MATERIALS PROVIDED
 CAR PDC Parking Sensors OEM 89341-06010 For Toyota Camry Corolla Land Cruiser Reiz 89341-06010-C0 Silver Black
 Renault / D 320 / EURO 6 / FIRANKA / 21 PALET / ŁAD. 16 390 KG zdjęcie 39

* * *

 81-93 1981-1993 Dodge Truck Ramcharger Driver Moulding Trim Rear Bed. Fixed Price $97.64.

PROBLEM
In the material above, locate the line containing "CAR PDC Parking" and the line containing "Renault / D". Transcribe exactly those two lines and every line between them, and nothing more.

WRITTEN RESPONSE
 CAR PDC Parking Sensors OEM 89341-06010 For Toyota Camry Corolla Land Cruiser Reiz 89341-06010-C0 Silver Black
 Renault / D 320 / EURO 6 / FIRANKA / 21 PALET / ŁAD. 16 390 KG zdjęcie 39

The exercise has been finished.